Exercise aim: As the answer, give exactly the lines of the records below from the one with "Crepe de Chine Fractal Vinho • Luema Tecidos" through the one with "Washington Commanders Cutter", ends included and pictures left out.

START Data excerpts

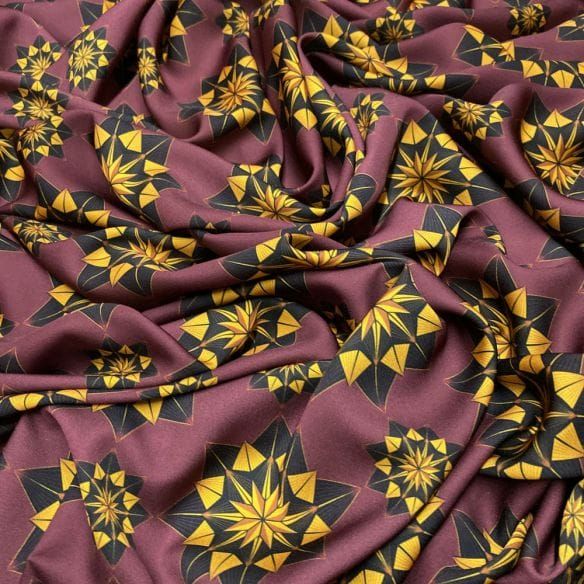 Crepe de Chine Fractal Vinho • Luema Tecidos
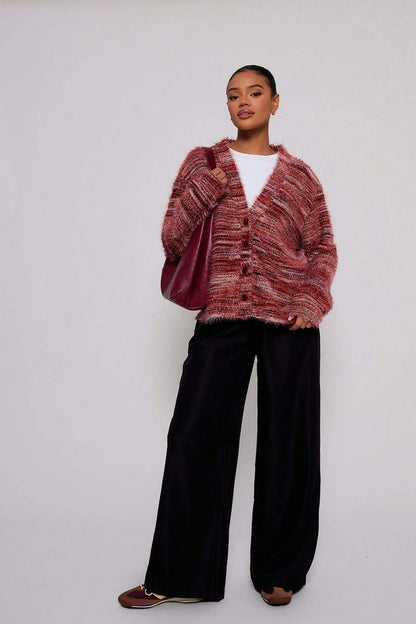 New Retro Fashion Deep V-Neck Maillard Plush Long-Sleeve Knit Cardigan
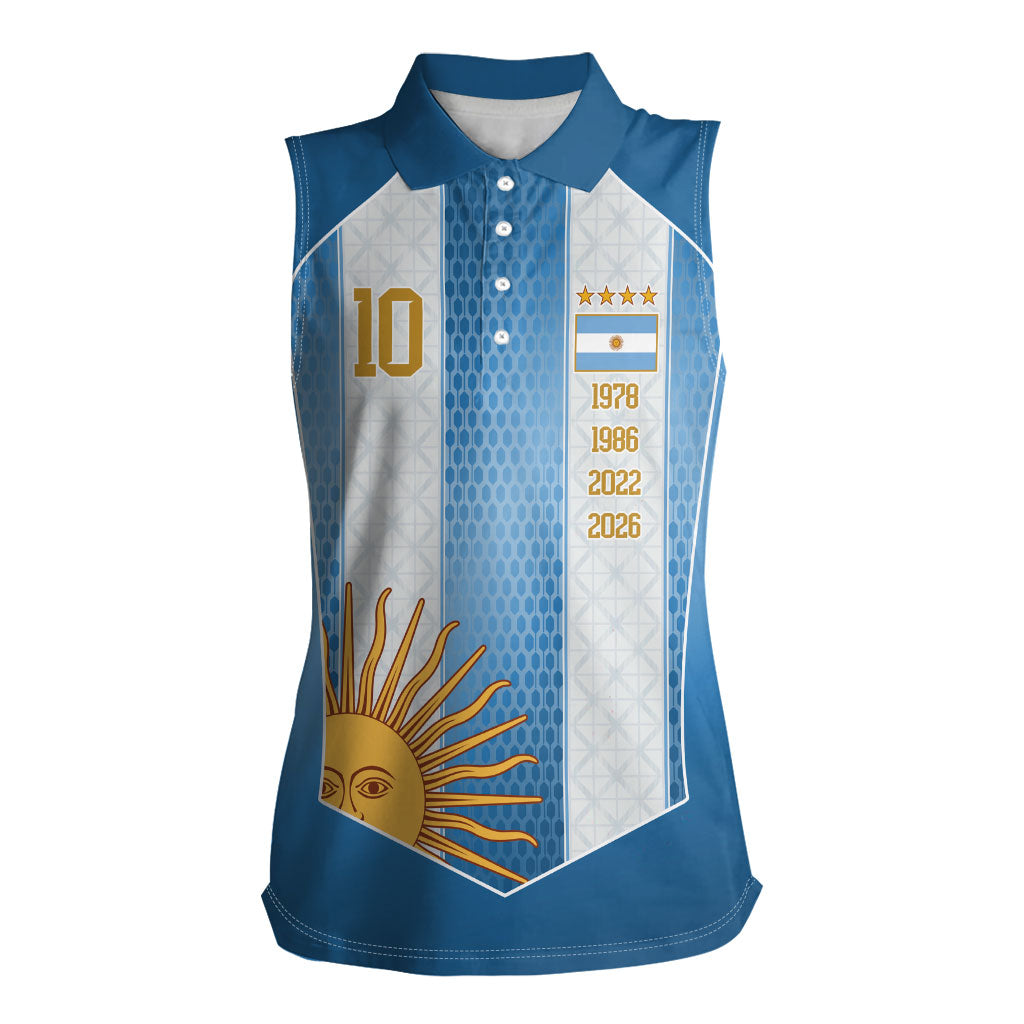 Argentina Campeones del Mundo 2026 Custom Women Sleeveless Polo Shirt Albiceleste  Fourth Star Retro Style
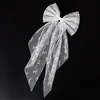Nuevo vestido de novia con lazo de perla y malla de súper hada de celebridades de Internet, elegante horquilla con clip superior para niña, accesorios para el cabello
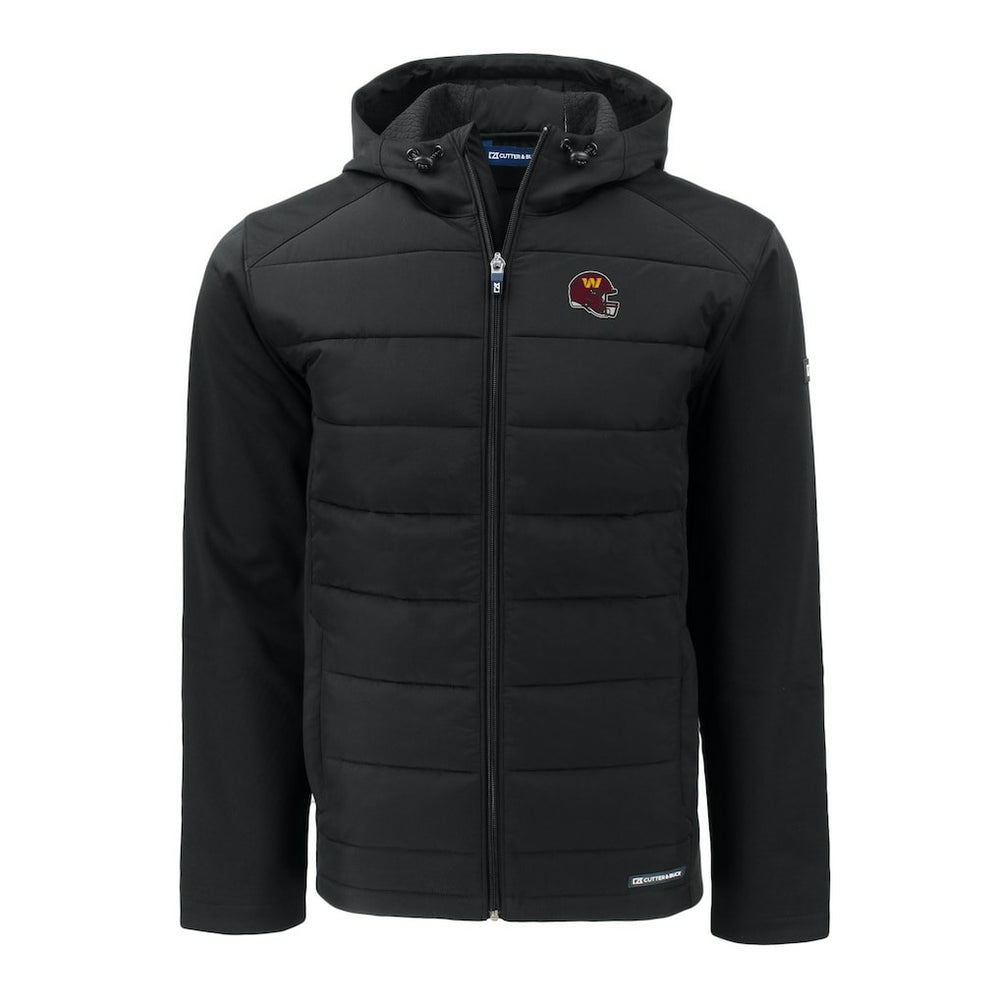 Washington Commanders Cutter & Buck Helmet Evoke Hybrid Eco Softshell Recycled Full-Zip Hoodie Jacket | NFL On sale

END Data excerpts
START Data excerpts

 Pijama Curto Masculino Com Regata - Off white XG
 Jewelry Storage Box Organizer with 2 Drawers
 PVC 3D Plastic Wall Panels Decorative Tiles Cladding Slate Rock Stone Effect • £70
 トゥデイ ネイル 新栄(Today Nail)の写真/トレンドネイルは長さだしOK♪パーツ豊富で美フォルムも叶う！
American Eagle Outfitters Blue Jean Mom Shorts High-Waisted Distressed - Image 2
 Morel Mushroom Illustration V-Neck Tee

END Data excerpts
START Data excerpts

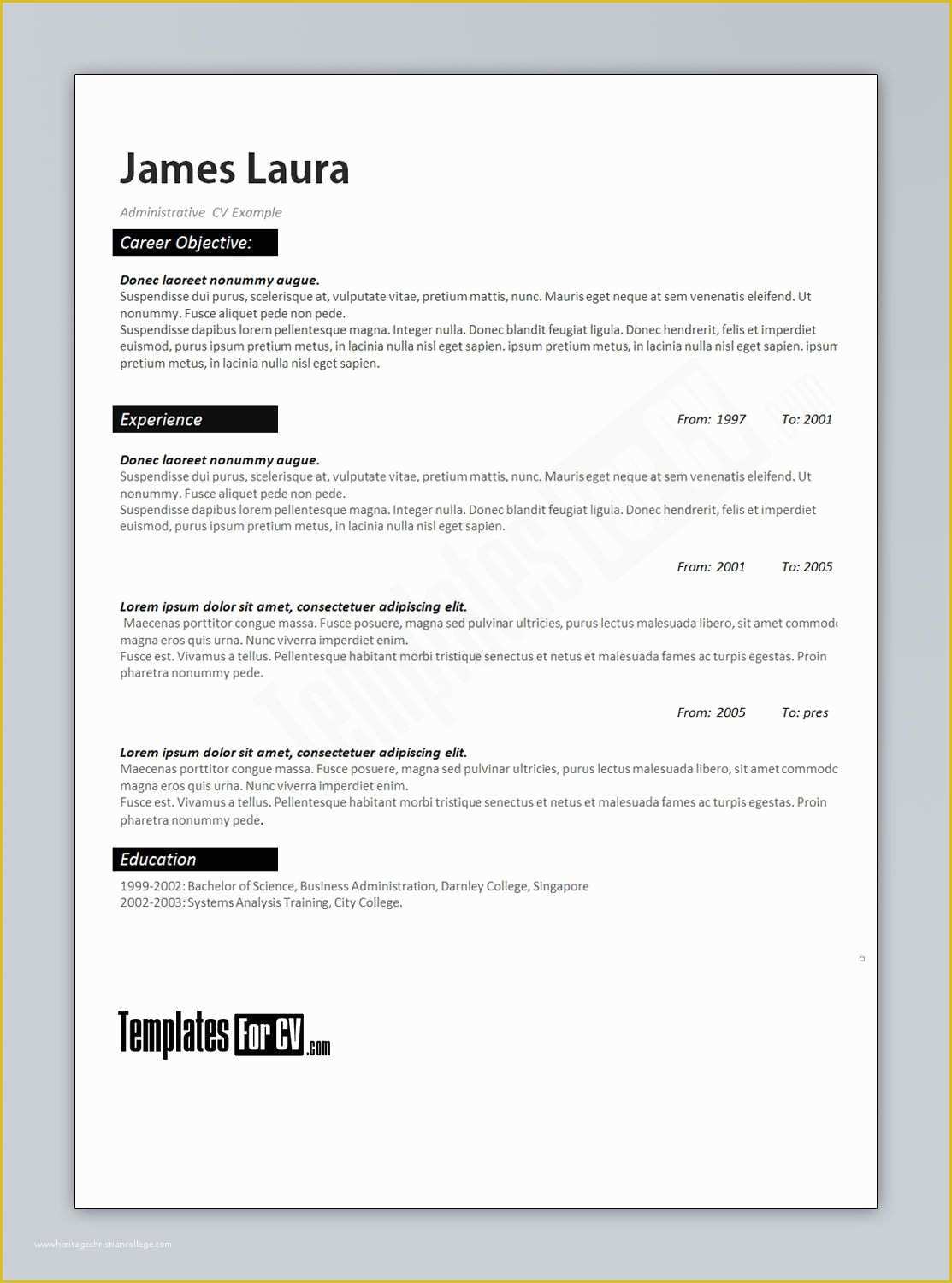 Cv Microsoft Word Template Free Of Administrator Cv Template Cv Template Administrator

END Data excerpts

Answer section:
 Crepe de Chine Fractal Vinho • Luema Tecidos
 New Retro Fashion Deep V-Neck Maillard Plush Long-Sleeve Knit Cardigan
 Argentina Campeones del Mundo 2026 Custom Women Sleeveless Polo Shirt Albiceleste  Fourth Star Retro Style
Nuevo vestido de novia con lazo de perla y malla de súper hada de celebridades de Internet, elegante horquilla con clip superior para niña, accesorios para el cabello
 Washington Commanders Cutter & Buck Helmet Evoke Hybrid Eco Softshell Recycled Full-Zip Hoodie Jacket | NFL On sale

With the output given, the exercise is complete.